Even under heavy I/O and CPU pressure at 80-pod density, the System CPU delta remained consistently low, fluctuating between 0.037 and 0.125 cores (roughly 0.9% to 3.1% of node capacity). While there was a single, transient spike to 5.6%, the system stabilized within seconds. This confirmed that the internal kernel overhead is not only manageable but highly efficient, even under significant load.
Technical Implications for Operators
With the GA release, the implementation of PSI brings immediate, tangible benefits to cluster management. By querying the /metrics/cadvisor endpoint, administrators can now incorporate PSI into their Prometheus-compatible monitoring stacks.

How to Access the Data
For those who need immediate, real-time insights, the Summary API remains the most direct route. While caution is advised—as proxying to the Kubelet is a privileged operation—administrators can use the following command to retrieve granular data for a specific container:
CONTAINER_NAME="example-container"
kubectl get --raw "/api/v1/nodes/$(kubectl get nodes -o jsonpath='.items[0].metadata.name')/proxy/stats/summary" | jq '.pods[].containers[] | select(.name=="'$CONTAINER_NAME'") | name, cpu: .cpu.psi, memory: .memory.psi, io: .io.psi'
This output provides a clear, per-container view of where the bottlenecks lie.
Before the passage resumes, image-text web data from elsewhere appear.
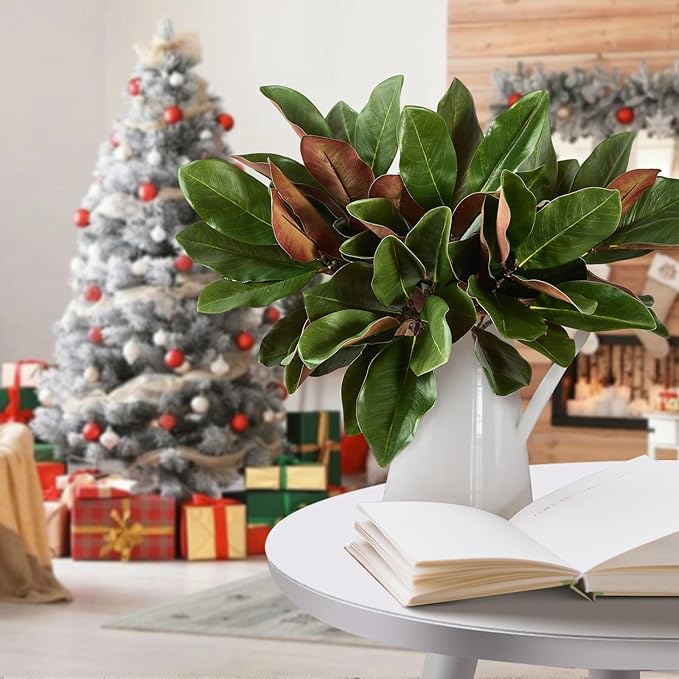 6 Pcs Magnolia Artificial Leaves Branches 22 Inch 3D Real Touch Faux Magnolia Stems Fake Magnolia Twigs for Indoor Outdoor Vase Filling Home Wedding Floral Arrangement Decoration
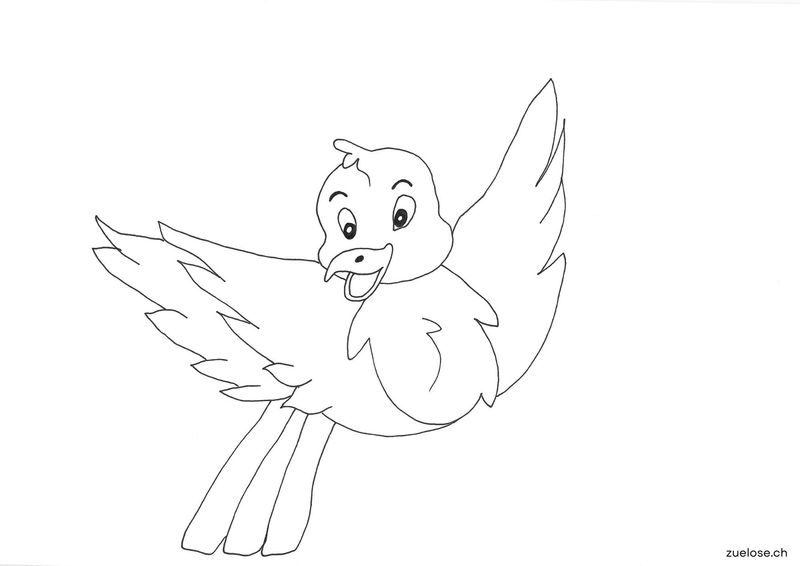 Ausmalbild fröhlicher Vogel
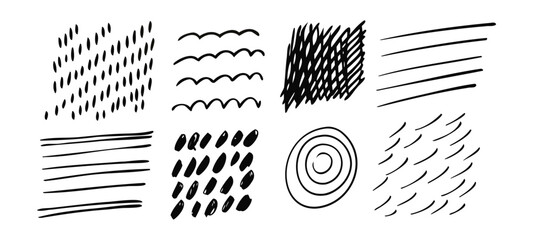 Hand-Drawn Sketchy Line Textures Set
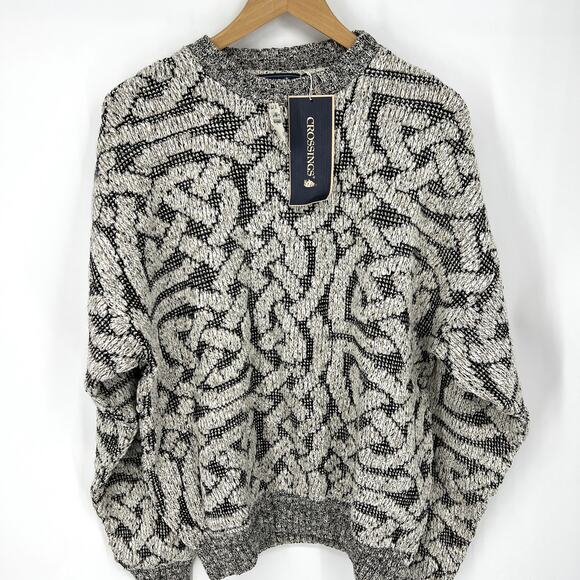 Vintage Crossings Celtic Knot Design Black Gray Cotton Blend Sweater NEW Size XL - Picture 1 of 8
If a container is showing high memory pressure, it may be time to revisit resource requests and limits. If CPU stall times are elevated, it might indicate that the node is oversubscribed or that pods are competing for shared cycles in an inefficient manner.
The Broader Impact on Cloud-Native Reliability
The inclusion of PSI as a first-class citizen in Kubernetes v1.36 marks a fundamental shift in how we define "node health."
1. Proactive Capacity Planning
Historically, SREs have been forced to be reactive, waiting for a service to breach a latency threshold before investigating. PSI allows for proactive capacity planning. By monitoring "some" and "full" pressure metrics, teams can observe trends in resource contention during peak traffic hours, allowing them to scale nodes or optimize workloads before a service degradation occurs.
2. Streamlined Debugging
When an application slows down, the blame game usually starts between the application team and the infrastructure team. PSI provides an objective, kernel-level source of truth. If the system reports high I/O stall times, the focus immediately shifts to the storage backend or disk throughput limits, saving hours of manual investigation.
3. Future-Proofing
While these metrics are currently exclusive to Linux-based nodes—given that PSI is a native Linux kernel feature—the standardization of this data across the Kubernetes ecosystem ensures that tools built today will be capable of supporting high-density, high-performance environments for years to come.
A Collaborative Achievement
The journey to GA was not a solitary effort. It was the result of the tireless dedication of the SIG Node community. From the early architectural discussions to the meticulous performance testing and final documentation, this feature is a testament to the power of open-source collaboration.

Special recognition goes to the contributors who handled the alpha-to-beta transition, ensuring that the API remained robust and the performance overhead remained negligible. Their work has effectively removed the "blind spot" that has plagued node-level monitoring for nearly a decade.
Getting Involved
As we move into the post-v1.36 landscape, SIG Node encourages all cluster administrators to begin integrating PSI into their dashboards and alerting systems. The more data we gather from production environments, the better we can refine the tools and heuristics used to manage these resources.
If you have feedback, questions, or wish to share your experience with PSI in your own clusters, please join the conversation:
- Public Slack: #sig-node
- GitHub Issues: kubernetes/kubernetes
- SIG Node Community: Join the group here
The era of "guessing" based on utilization percentages is officially over. With Kubernetes v1.36 and the power of PSI, the path toward true, observability-driven infrastructure has never been clearer.